**Provided data**
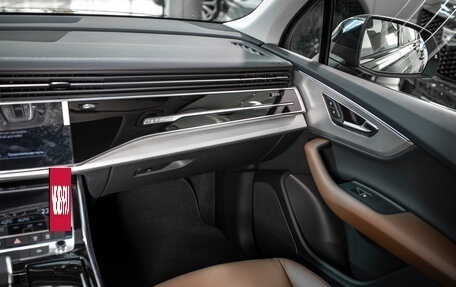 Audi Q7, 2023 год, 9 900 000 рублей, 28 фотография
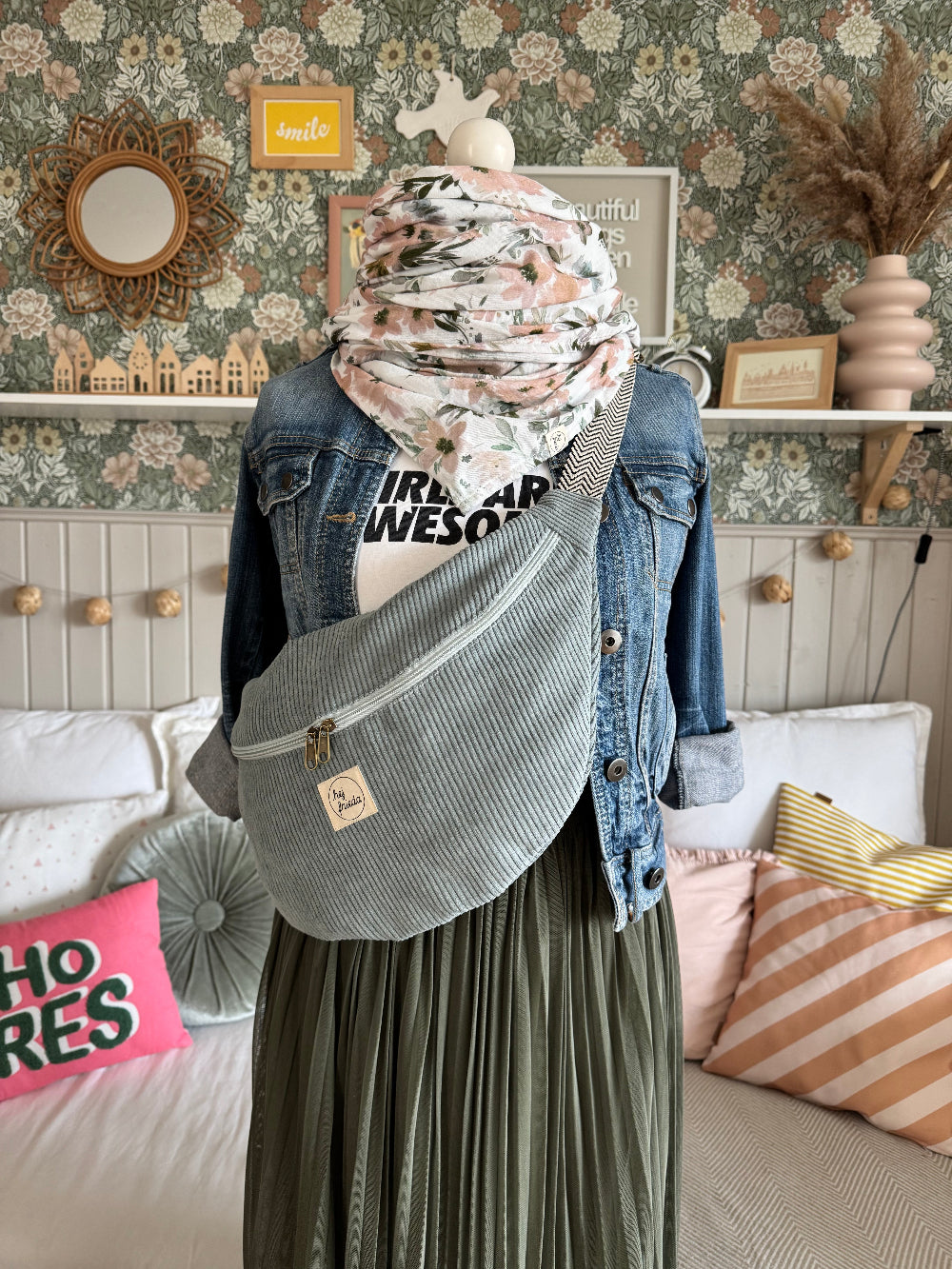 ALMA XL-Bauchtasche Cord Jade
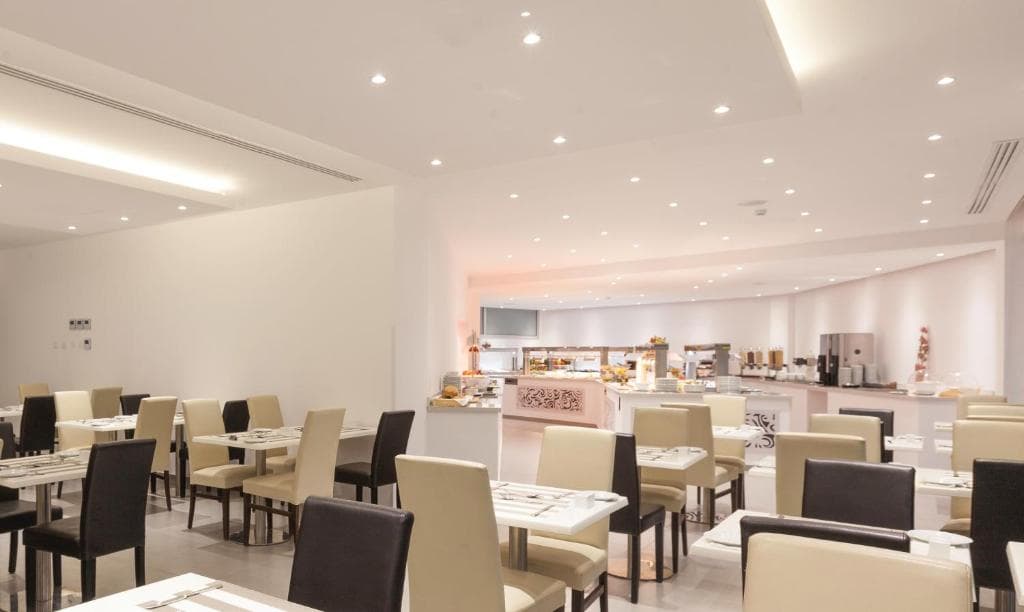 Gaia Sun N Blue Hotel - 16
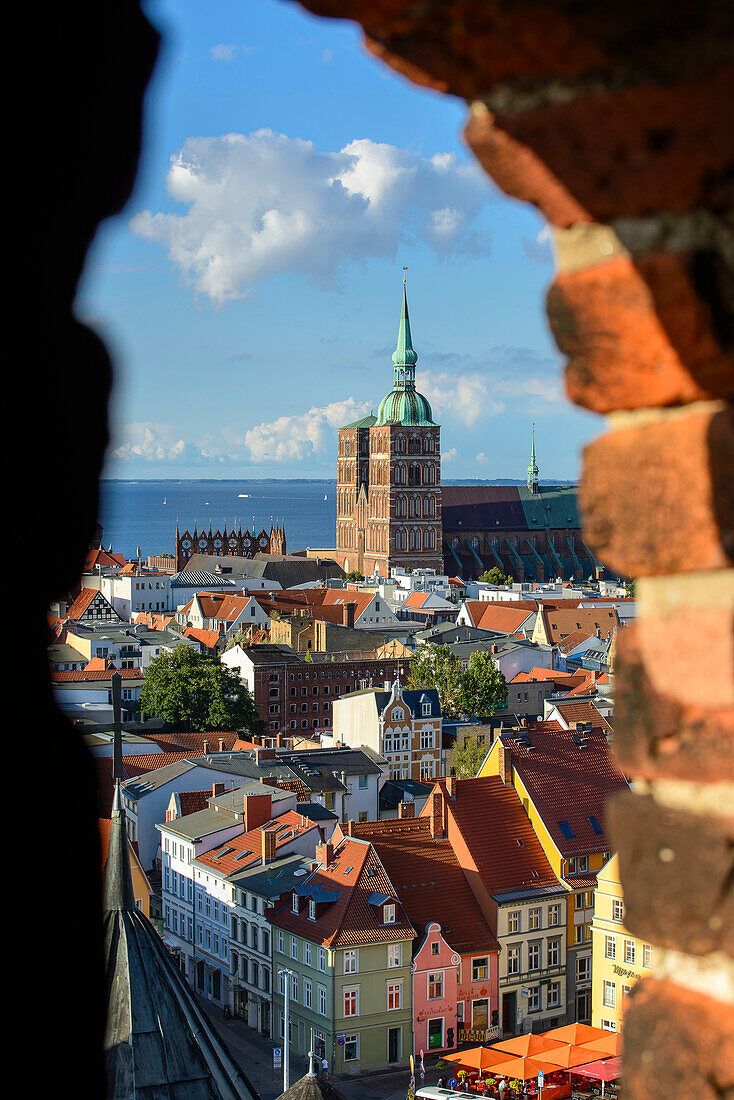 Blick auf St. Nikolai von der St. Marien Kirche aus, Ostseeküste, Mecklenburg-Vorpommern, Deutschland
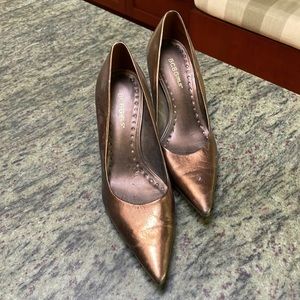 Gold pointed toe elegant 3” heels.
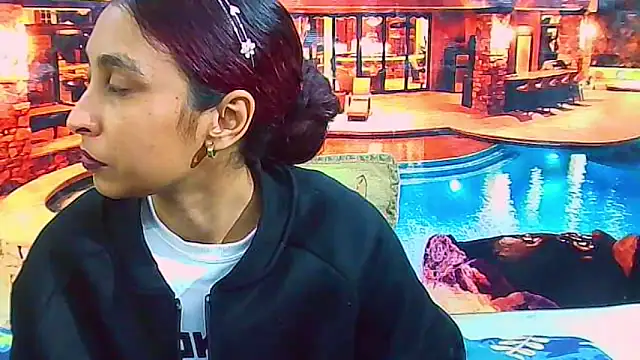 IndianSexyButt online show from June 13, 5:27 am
--
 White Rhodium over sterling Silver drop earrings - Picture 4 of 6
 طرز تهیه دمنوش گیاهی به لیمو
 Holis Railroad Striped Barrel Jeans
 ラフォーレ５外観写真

**Your instructions**
Reproduce the data above exactly, but only from the line containing "Gaia Sun N Blue Hotel - 16" through the line containing "IndianSexyButt online show". Omit all pictures.

**Response box**
 Gaia Sun N Blue Hotel - 16
 Blick auf St. Nikolai von der St. Marien Kirche aus, Ostseeküste, Mecklenburg-Vorpommern, Deutschland
 Gold pointed toe elegant 3” heels.
 IndianSexyButt online show from June 13, 5:27 am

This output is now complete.